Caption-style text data

+--

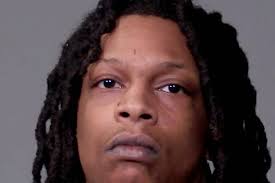 Crystal Lake Central English teacher's 1st children's book 'gives a toddler  a voice'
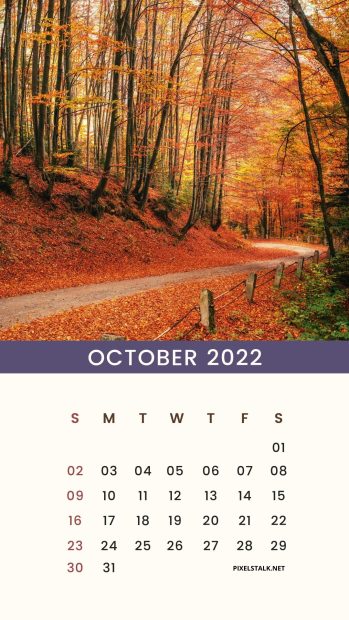 Autumn October 2022 Calendar Phone Wallpaper HD.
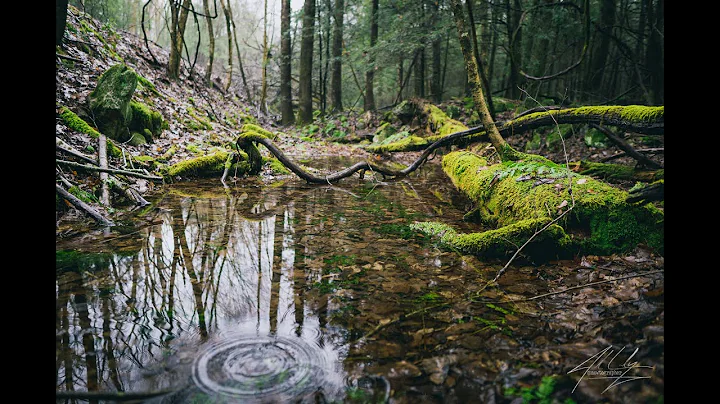 Social Distance Hiking How-To with Melissa Nicholson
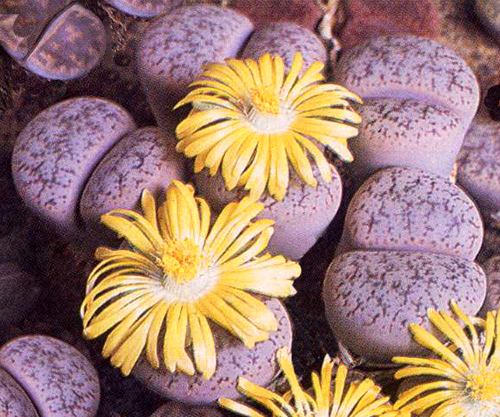 Lithops aucampiae
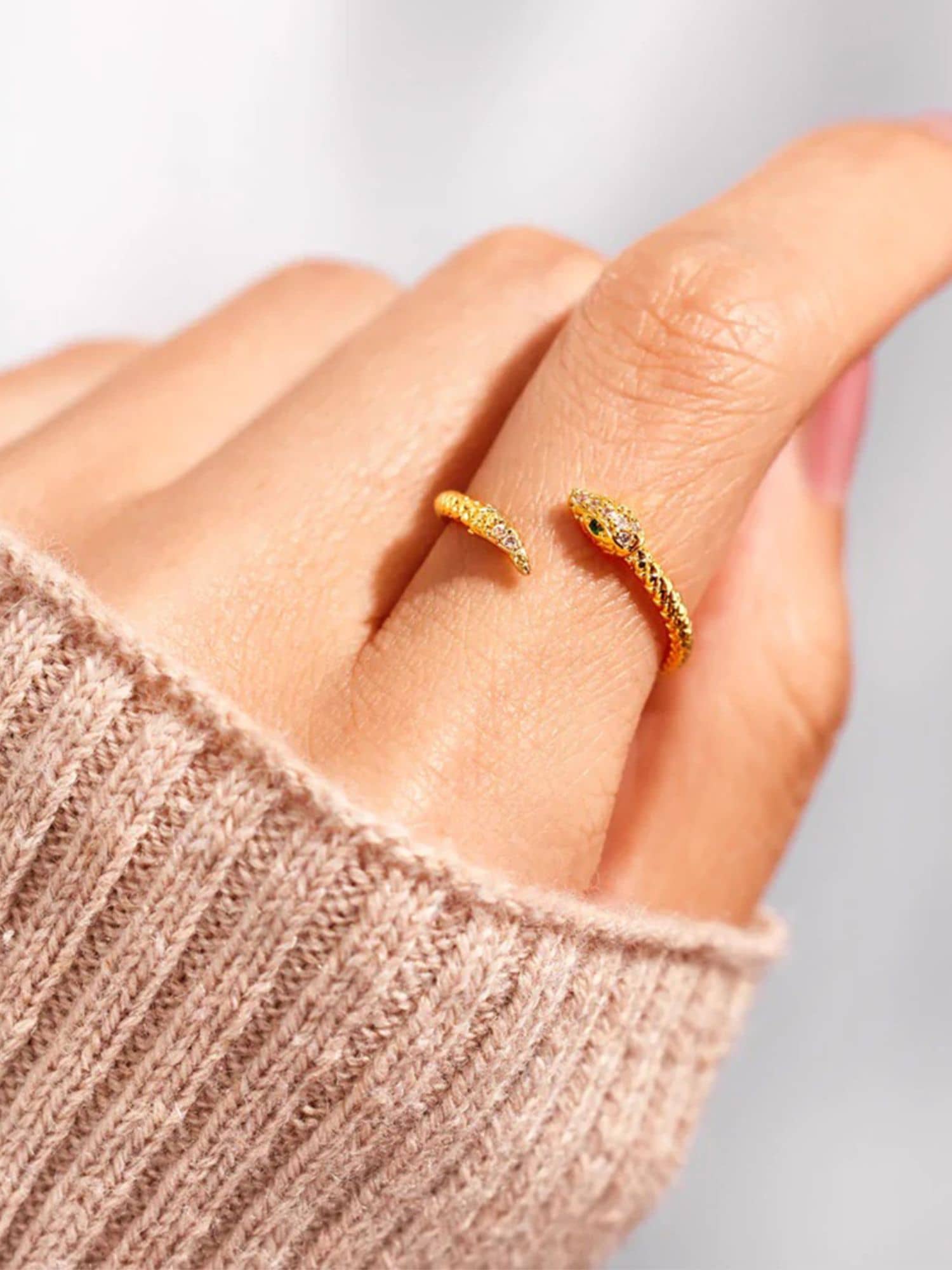 Adjustable snake clearance ring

+--

Leaving the pictures aside, copy exactly and only the lines from the one holding "Lithops aucampiae" through the final line of the data, both ends kept.

**Solution to this problem:**
 Lithops aucampiae
 Adjustable snake clearance ring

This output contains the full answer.